"Know thy customer" may be an important business principle, but putting that ideal into practice gets exponentially harder as a company grows. That's why nearly every large corporation has embraced customer relationship management technology. CRM tracks buyers, purchase patterns, product preferences, and a zillion other bits of information, then connects those dots to form statistical portraits of each customer. CRM can't replicate one-on-one human relationships, but it comes awfully close.

Unfortunately, most small-to-midsize growing companies have had to watch from the sidelines, unable to afford the price of admission. Full-scale CRM implementations by PeopleSoft (www.peoplesoft.com), SAP (www.sap.com), SAS (www.sas.com), and other vendors can carry seven digit price tags and may require a small army of technicians to run. It takes a lot of revenue to justify that kind of investment.

But lately, as often happens in technology, prices have come closer to earth -- so close, in fact that CRM is becoming a realistic option for even the smallest enterprise. A slew of software vendors, including Microsoft, SAP and several smaller companies, have come out with CRM solutions designed expressly for businesses with fewer than 500 or so employees. The Microsoft Business Solutions Customer Relationship Management program (www.microsoft.com/businesssolutions/), for example, sells for $395 to $1,295 per user, depending on the options desired. Market analysts expect users to flock to these programs in the months and years ahead. "SMB is the sweet spot for CRM vendors," says Sheryl Kingstone, a specialist at Boston's Yankee Group.

Growing companies that want to avoid upfront licensing fees can choose from a number of hosted CRM applications for as little as $30 per month per user. Employees access these applications using Internet browsers, perhaps unaware that they're not interacting with a monster mainframe down the hall. Salesforce.com (www.salesforce.com) and Upshot.com (www.upshot.com) were among the early CRM hosts. Siebel (www.siebel.com), NetLedger (www.netledger.com) and SalesLogix (www.saleslogix.com) also host their proprietary software.

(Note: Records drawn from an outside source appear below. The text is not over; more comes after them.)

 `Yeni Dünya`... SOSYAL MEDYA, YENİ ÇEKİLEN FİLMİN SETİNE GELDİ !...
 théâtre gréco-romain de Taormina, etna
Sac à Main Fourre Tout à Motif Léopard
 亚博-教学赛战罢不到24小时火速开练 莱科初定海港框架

This spring, Surebridge (www.surebridge.com) became the first to offer a hosted version of Microsoft's CRM.

Although welcomed, the emergence of entry-level CRM applications confronts many owner-managers with a new set of technology questions: Does CRM make sense for their businesses? If so, what kind should they get? And how will it impact their ongoing operations? There are no simple answers. But the decisions are made easier by knowing a little about how these programs work.

The first thing to understand is that CRM isn't a single type of software application, like a spreadsheet or word processor. It is a catch-all name for a variety of programs that may have little in common other than to collect bits of data about existing and potential customers and make connections among them. Every vendor has its own approach. However most programs have at least one of these characteristics:

Sales force automation. The simplest CRMs are contact managers that catalogue prospects and note your company's interactions with them. Management can see at a glance the status of each potential customer and get a sense of whether a sale is imminent or a long shot. Some software continues to track these contacts long after they become paying customers, keeping a running record of, among other things, what they buy and how often -- in essence which ones are most profitable for the company. Overall, the data generated by these programs can improve forecasts and identify the most productive salespeople.

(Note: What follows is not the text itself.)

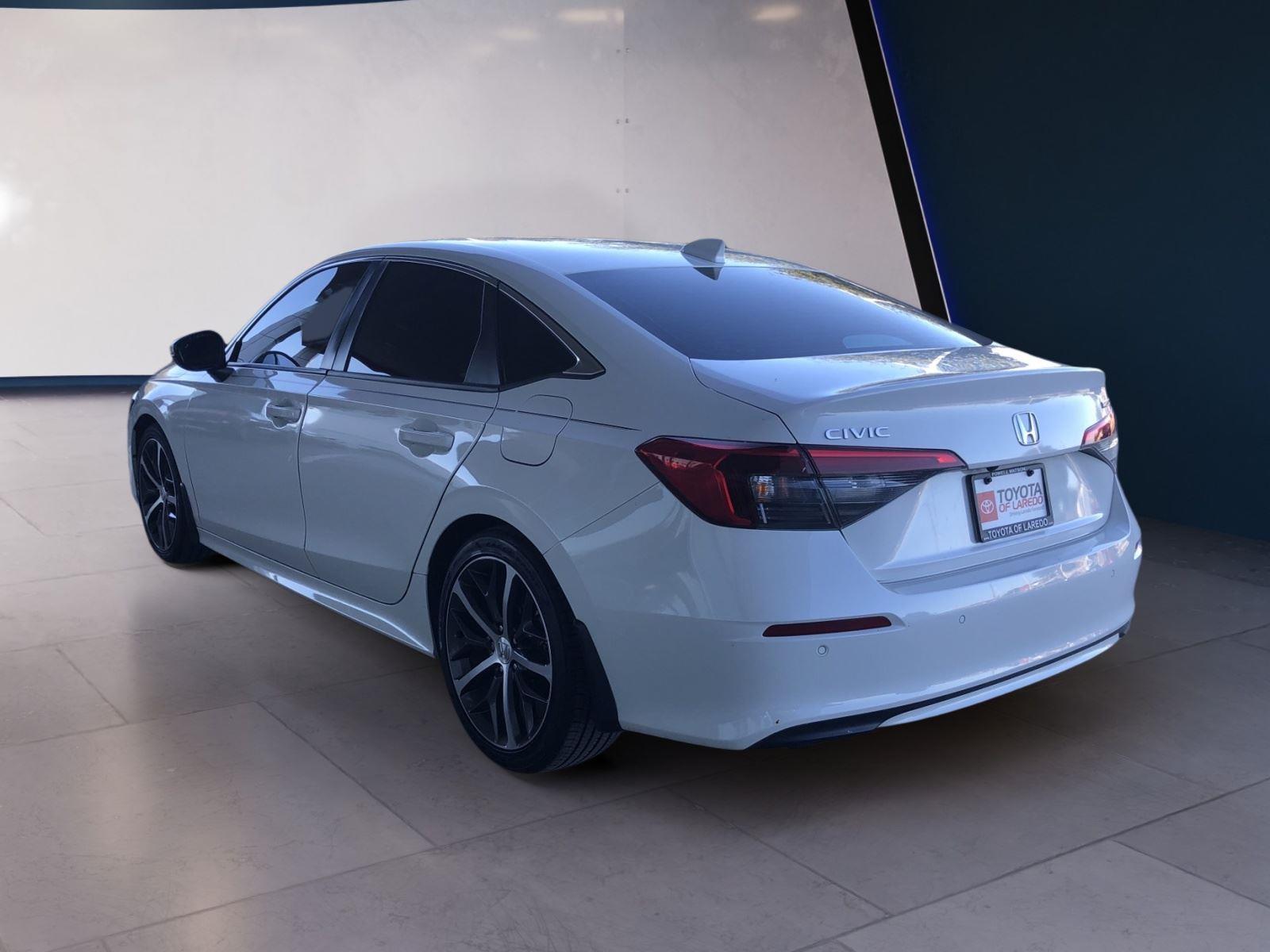 2024 Honda Civic Touring photo 3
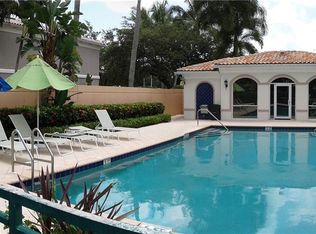 5365 Cove Cir, Naples, FL 34119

Customer support automation. These programs track customer inquiries and problems, providing a real-time record of the status of each. This helps assure proper follow-up, and when a customer calls back the representative sees a complete record of previous contacts. When a problem is researched, the solution can be entered into a master knowledge base. That makes it easier for other customer service agents to help customers with similar issues. And by looking for patterns, the software provide an early warning about quality problems that might fester unnoticed.

Marketing automation. Such applications can help companies assess the impact of marketing programs by linking advertising, direct mail, and other activities to inquiries and sales. The goal is to help management improve efficiency through more precise targeting. Advanced tools can apply algorithms and other analytical tools to predict future customer behavior.

Most programs emphasize one of these areas more than the others, though buyers or subscribers can often upgrade to more powerful versions or add capabilities, such as integration with accounting software.

When choosing a CRM program, company owners or managers need to assess how the application will mesh with its own operations. Many vendors have online demos that show how the software works, and several let prospective buyers offer working trial versions. Selecting a CRM program can take a lot of time and effort, but the payoff can be big.